Amazon¶
This example uses the 'Amazon' dataset to predict the number of forest fires in Brazil. You can download a copy of the Jupyter Notebook of the study here.
- date: Date of the record
- number: Number of forest fires
- state: State in Brazil
We'll follow the data science cycle (Data Exploration - Data Preparation - Data Modeling - Model Evaluation - Model Deployment) to solve this problem, and we'll do it without ever loading our data into memory.
Initialization¶
This example uses the following version of VerticaPy:
import verticapy as vp
vp.__version__
Connect to Vertica. This example uses an existing connection called "VerticaDSN." For details on how to create a connection, use see the connection tutorial.
vp.connect("VerticaDSN")
Let's create a Virtual DataFrame of the dataset.
from verticapy.datasets import load_amazon
amazon = load_amazon()
amazon.head(5)
Data Exploration and Preparation¶
We can explore our data by displaying descriptive statistics of all the columns.
amazon.describe(method = "categorical", unique = True)
Using the describe() method, we can see that our data ranges from the beginning of 1998 to the end of 2017.
amazon["date"].describe()
Brazil has dry and rainy seasons. Knowing this, we would expect that the frequency of forest fires vary between seasons. Let's confirm our hypothesis using an autocorrelation plot with 48 lags (4 years).
%matplotlib inline
amazon.acf(column = "number",
ts = "date",
by = ["state"],
p = 48)
The process is not stationary. Let's use a Dickey-Fuller test to confirm our hypothesis.

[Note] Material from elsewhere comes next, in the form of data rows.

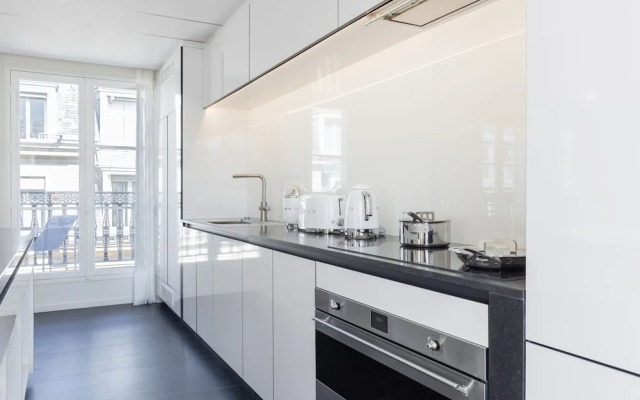 1.75 Paris La Source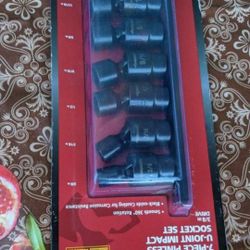 HUSKY 3/8 IN  DRIVE  PINLESS UNIVERSAL  6-POINT  IMPACT SOCKET SET  7-PIECE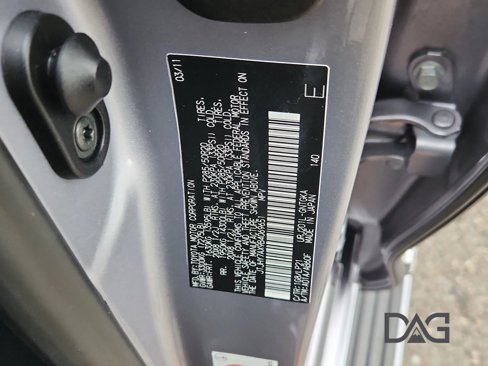 Used 2011 Lexus LX 570 4WD w/ Luxury Pkg image 28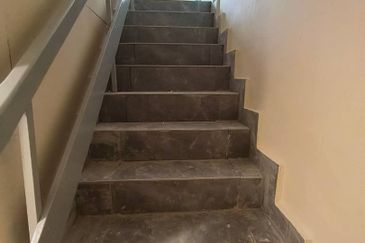 Jalan Lanjut, Taman Desa Cemerlang, Ulu Tiram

from verticapy.stats import adfuller
adfuller(amazon,
ts = "date",
column = "number",
by = ["state"],
p = 48)
The effects of each season seem pretty clear. We can see this graphically using the cumulative sum of the number of forest fires partitioned by states. If our hypothesis is correct, we should see staircase functions.
amazon.cumsum("number",
by = ["state"],
order_by = ["date"],
name = "cum_sum")
amazon["cum_sum"].plot(ts = "date",
by = "state")
We can clearly see the seasonality per state which contributes to a global seasonality. Let's draw the cumulative sum to see this more clearly.
import verticapy.stats as st
amazon = amazon.groupby(["date"],
[st.sum(amazon["number"])._as("number")])
amazon.cumsum("number",
order_by = ["date"],
name = "cum_sum")
amazon["cum_sum"].plot(ts = "date")
Machine Learning¶
Let's create an spatial autoregressive (SAR) model to predict the number of forest fires in Brazil. We know that this seasonality happens each year (s=12) and let's consider 4 lags (P=4).

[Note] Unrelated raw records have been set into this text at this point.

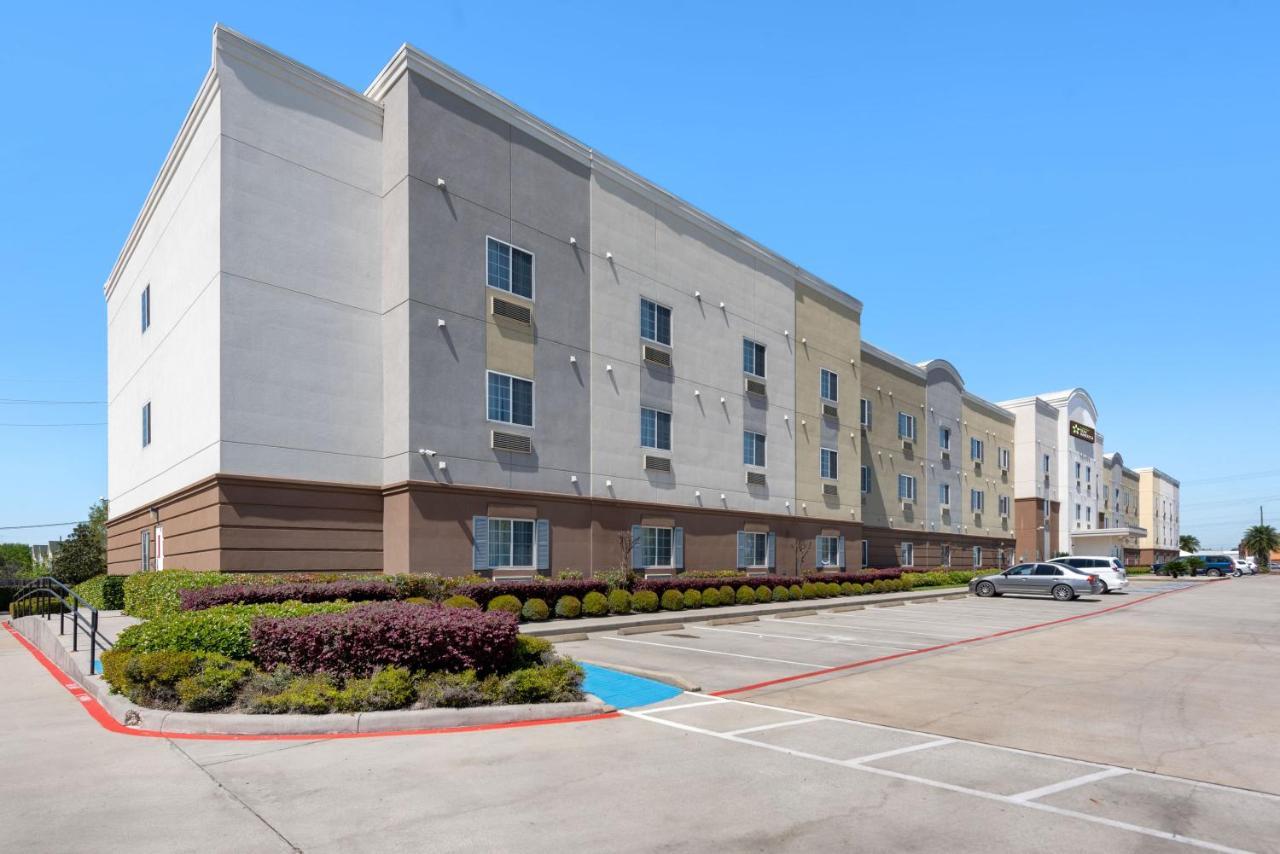 Extended America - - North Hotel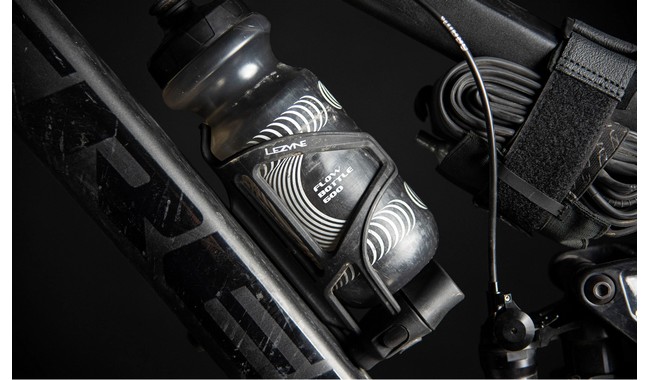 Фляготримач Lezyne Tubeless Flow Storage Loaded w/o CO2 - дополнительное фото 4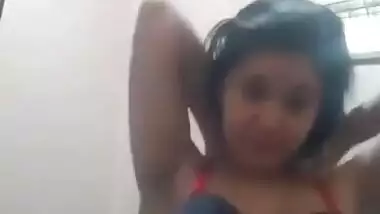 Desi Cute Girl Big Ass Show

from verticapy.learn.tsa import SARIMAX
model = SARIMAX("amazon_ar",
s = 12,
P = 4)
model.fit(amazon,
y = "number",
ts = "date")
model.regression_report()
Our model is quite good. Let's look at our predictions.
x = model.plot(amazon,
nlead=100,
dynamic=True)
The plot shows that our model has successfully captured the seasonality implied by our data. Let's add the prediction in the vDataFrame.
amazon = model.predict(amazon, name = "prediction")
display(amazon)
From here, we can use a time series plot to compare our prediction with the real values.
amazon.plot(ts = "date",
columns = ["number", "prediction"])